Coun. Stauble was at a special council meeting when she got the news that the Environmental Review Tribunal (ERT) had announced its decision on the appeal of the Settlers Landing Nominee Ltd. wind project.
Announcing the decision to council, she was visibly overjoyed as councillors hugged and congratulated her.
“This a huge, huge step forward for the community,” she told This Week.
She noted this is only the second ERT decision in Ontario that has overturned a wind energy company approval in favour of a community.
The Director, Ministry of the Environment and Climate Change issued a Renewable Energy Approval (REA) to Settlers Landing Nominee Ltd., granting approval for the construction, installation, operation, use and retiring of a Class 4 wind facility with a total name plate capacity of 10 megawatts in Pontypool.
Settlers Landing wind park would have put five industrial wind turbines near the village.
SLWP Opposition Corp. appealed the REA to the Tribunal in May on the grounds that the project will cause serious harm to human health and serious and irreversible harm to plant life, animal life or the natural environment.
The Tribunal held the hearing in Pontypool on in September and October.
The Tribunal found “that the planned Settlers Landing wind project in Pontypool will cause serious and irreversible harm to plant life, animal life or the natural environment.” Specifically, the Tribunal, in its decision found that construction and decommissioning of turbines 3 and 5, and the access roads to turbines 2, 3 and 5, will cause such harm to a significant woodland identified as Woodland 11, including the habitat it represents.
Coun. Stauble said having two out of five of the turbines ruled as harmful to the woodlands could affect the company’s FIT contract (whereby they acquire points for renewable energy contracts with the Province.)

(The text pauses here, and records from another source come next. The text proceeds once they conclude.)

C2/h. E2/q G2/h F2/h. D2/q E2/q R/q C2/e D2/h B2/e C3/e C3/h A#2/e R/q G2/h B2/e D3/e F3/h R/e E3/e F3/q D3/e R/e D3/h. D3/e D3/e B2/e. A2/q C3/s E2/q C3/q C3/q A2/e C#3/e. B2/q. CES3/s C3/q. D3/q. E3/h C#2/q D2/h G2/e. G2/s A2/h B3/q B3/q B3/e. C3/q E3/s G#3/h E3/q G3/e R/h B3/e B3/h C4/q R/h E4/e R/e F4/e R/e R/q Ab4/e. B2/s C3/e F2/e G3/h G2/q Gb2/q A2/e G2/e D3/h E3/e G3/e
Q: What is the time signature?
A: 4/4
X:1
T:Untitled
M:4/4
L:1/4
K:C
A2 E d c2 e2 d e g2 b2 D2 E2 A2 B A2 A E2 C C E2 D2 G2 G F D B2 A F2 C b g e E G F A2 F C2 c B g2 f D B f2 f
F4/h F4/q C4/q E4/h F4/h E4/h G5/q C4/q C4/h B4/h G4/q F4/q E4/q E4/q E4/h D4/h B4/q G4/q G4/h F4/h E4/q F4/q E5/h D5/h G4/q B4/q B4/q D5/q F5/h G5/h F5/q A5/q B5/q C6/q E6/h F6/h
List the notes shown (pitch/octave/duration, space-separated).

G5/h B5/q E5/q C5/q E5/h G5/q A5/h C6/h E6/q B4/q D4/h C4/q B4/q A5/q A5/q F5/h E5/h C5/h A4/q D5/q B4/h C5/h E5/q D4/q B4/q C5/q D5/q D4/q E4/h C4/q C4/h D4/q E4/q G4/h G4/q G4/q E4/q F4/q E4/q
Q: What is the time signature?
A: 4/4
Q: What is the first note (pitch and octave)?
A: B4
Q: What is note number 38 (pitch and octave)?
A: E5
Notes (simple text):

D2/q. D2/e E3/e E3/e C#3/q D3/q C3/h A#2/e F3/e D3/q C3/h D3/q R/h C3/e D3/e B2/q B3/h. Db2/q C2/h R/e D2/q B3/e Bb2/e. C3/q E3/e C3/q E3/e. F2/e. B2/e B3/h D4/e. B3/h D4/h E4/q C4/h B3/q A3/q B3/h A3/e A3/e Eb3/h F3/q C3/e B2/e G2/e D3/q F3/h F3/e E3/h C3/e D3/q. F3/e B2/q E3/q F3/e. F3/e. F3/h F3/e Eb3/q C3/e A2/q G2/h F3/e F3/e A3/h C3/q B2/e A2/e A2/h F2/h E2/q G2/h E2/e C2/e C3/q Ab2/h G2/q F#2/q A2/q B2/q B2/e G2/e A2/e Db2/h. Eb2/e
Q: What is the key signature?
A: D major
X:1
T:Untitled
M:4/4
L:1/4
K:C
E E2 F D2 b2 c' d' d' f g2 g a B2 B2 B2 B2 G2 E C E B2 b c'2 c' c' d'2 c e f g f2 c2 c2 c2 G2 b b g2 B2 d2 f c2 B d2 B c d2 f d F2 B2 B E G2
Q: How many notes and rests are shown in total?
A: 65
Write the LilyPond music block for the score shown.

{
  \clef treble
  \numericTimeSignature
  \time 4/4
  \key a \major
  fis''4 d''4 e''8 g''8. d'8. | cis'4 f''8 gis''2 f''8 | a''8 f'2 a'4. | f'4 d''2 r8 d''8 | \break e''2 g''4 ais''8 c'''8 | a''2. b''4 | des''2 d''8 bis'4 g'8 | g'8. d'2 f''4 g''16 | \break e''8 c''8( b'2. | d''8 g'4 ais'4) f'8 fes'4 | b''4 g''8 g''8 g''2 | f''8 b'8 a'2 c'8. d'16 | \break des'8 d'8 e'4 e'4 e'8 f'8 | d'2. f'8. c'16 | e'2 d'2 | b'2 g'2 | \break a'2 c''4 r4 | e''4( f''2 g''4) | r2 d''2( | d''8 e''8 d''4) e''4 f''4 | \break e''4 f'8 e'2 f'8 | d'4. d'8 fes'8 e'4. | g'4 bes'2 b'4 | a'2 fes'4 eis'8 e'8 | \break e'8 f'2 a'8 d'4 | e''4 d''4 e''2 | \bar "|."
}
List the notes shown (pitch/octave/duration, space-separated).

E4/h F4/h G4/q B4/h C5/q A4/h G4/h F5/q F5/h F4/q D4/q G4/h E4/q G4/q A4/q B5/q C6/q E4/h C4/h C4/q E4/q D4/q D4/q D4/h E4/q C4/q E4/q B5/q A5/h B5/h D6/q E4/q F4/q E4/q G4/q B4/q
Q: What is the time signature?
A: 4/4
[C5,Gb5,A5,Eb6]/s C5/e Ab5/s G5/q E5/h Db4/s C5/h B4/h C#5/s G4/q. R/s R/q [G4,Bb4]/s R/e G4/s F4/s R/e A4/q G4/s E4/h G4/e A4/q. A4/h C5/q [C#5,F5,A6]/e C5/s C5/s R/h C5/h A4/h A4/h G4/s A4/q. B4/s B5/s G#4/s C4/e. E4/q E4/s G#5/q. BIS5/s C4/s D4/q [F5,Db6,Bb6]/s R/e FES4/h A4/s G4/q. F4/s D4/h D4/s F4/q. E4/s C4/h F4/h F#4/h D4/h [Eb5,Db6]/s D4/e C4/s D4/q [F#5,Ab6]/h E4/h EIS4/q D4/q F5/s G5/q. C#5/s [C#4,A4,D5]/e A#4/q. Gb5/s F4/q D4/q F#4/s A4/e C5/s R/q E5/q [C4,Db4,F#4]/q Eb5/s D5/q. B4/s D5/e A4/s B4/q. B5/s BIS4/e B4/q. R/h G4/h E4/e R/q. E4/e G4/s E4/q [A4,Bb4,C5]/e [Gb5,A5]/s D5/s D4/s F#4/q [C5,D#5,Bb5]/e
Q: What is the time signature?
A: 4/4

Opponents of the wind turbines did not, the Tribunal found, satisfy legal tests with respect to other issues they raised in the appeal, namely serious and irreversible harm to water resources or to grassland bird habitat and serious harm to human health.
Several other wind energy projects from different companies have been approved in Manvers Township, and opponents to the industrial turbines have not let up in their battle to keep them out, especially since several turbines are proposed to be built on the provincially-protected Oak Ridges Moraine. The City has backed their fight, as council has not supported industrial wind turbines in the municipality. While the opponents have raised money for their legal costs, the City has given some financial support and also provided senior staff to testify at the hearings.
In its decision, the Tribunal noted it will provide “a separate opportunity for the parties and participants to address the appropriate remedy and the Tribunal’s remedial jurisdiction in this case.”
Coun. Stauble said the wind company will be given the chance to offer remediation for the two turbines, “but, they must adhere to a 550 metre setback, and to do so means they would have to put those turbines in the woodlands.
“Which they are now not allowed to do.”